## [Provided data]
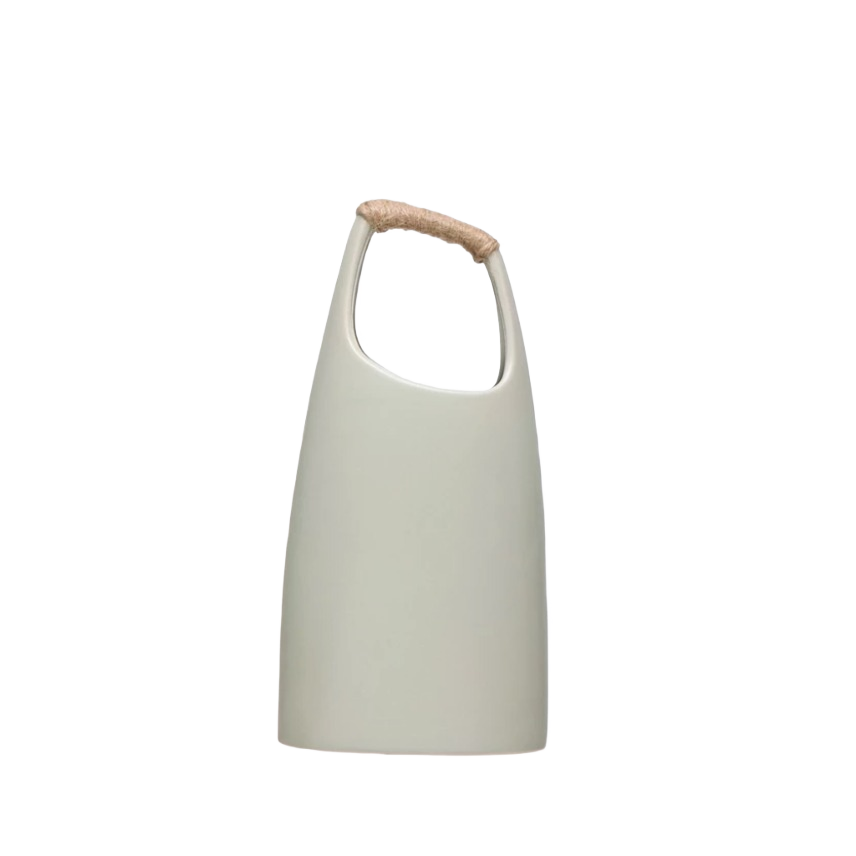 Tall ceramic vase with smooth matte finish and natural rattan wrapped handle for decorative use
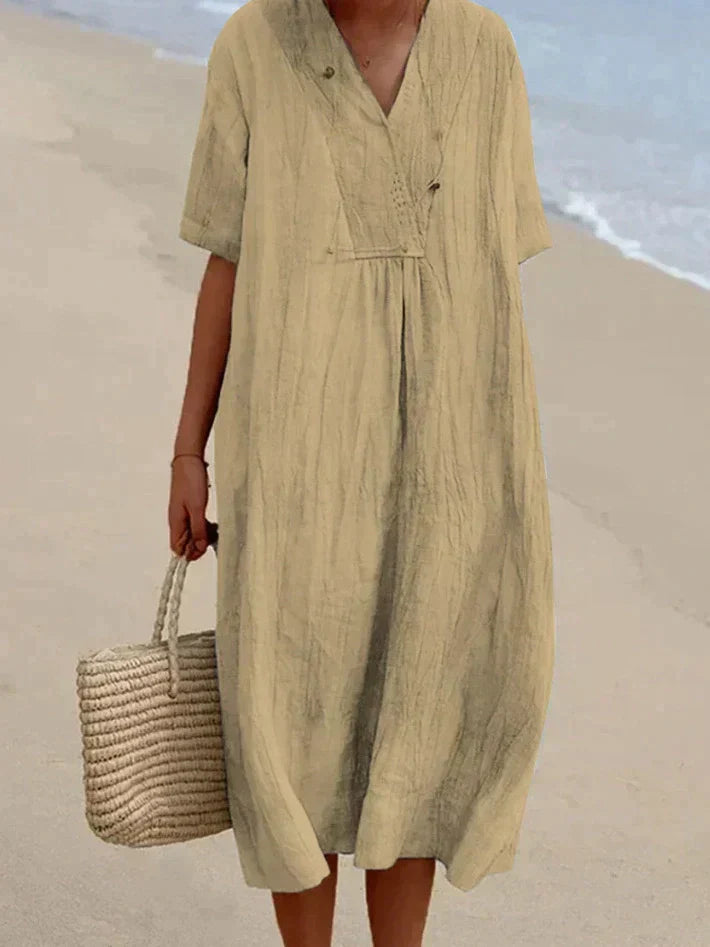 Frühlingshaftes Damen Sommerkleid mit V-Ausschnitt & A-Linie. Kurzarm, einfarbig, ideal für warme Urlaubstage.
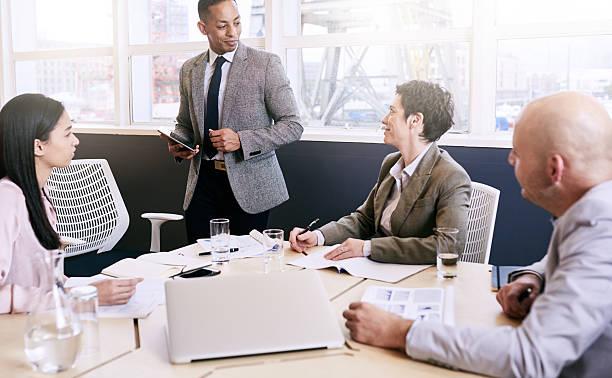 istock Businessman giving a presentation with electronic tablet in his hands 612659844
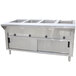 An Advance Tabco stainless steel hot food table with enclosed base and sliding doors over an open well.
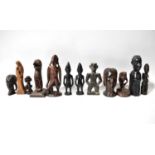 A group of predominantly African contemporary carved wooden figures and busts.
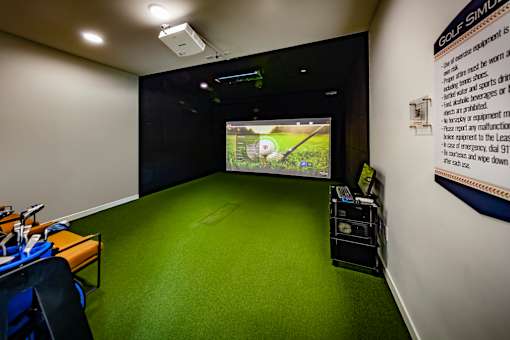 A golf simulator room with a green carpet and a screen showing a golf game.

--

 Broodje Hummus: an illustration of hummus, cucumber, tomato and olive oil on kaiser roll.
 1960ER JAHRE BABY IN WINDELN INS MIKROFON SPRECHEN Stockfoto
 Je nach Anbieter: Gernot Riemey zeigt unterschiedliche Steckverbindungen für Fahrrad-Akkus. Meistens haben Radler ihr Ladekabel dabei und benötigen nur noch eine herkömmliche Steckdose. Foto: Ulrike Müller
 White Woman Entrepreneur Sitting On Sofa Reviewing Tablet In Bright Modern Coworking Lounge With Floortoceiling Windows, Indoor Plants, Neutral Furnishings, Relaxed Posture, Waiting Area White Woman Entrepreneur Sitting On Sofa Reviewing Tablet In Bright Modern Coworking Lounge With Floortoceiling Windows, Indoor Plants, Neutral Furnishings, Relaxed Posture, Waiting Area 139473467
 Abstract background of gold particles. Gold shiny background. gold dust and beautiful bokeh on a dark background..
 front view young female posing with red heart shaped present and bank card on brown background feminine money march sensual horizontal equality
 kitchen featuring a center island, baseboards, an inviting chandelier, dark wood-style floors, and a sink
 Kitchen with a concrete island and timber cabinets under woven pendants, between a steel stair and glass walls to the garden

## [Exercise objective]
All lines above from the one with "Broodje Hummus: an" to the one with "front view young", inclusive, should be copied exactly, and no other lines.

## [Reply]
 Broodje Hummus: an illustration of hummus, cucumber, tomato and olive oil on kaiser roll.
 1960ER JAHRE BABY IN WINDELN INS MIKROFON SPRECHEN Stockfoto
 Je nach Anbieter: Gernot Riemey zeigt unterschiedliche Steckverbindungen für Fahrrad-Akkus. Meistens haben Radler ihr Ladekabel dabei und benötigen nur noch eine herkömmliche Steckdose. Foto: Ulrike Müller
 White Woman Entrepreneur Sitting On Sofa Reviewing Tablet In Bright Modern Coworking Lounge With Floortoceiling Windows, Indoor Plants, Neutral Furnishings, Relaxed Posture, Waiting Area White Woman Entrepreneur Sitting On Sofa Reviewing Tablet In Bright Modern Coworking Lounge With Floortoceiling Windows, Indoor Plants, Neutral Furnishings, Relaxed Posture, Waiting Area 139473467
 Abstract background of gold particles. Gold shiny background. gold dust and beautiful bokeh on a dark background..
 front view young female posing with red heart shaped present and bank card on brown background feminine money march sensual horizontal equality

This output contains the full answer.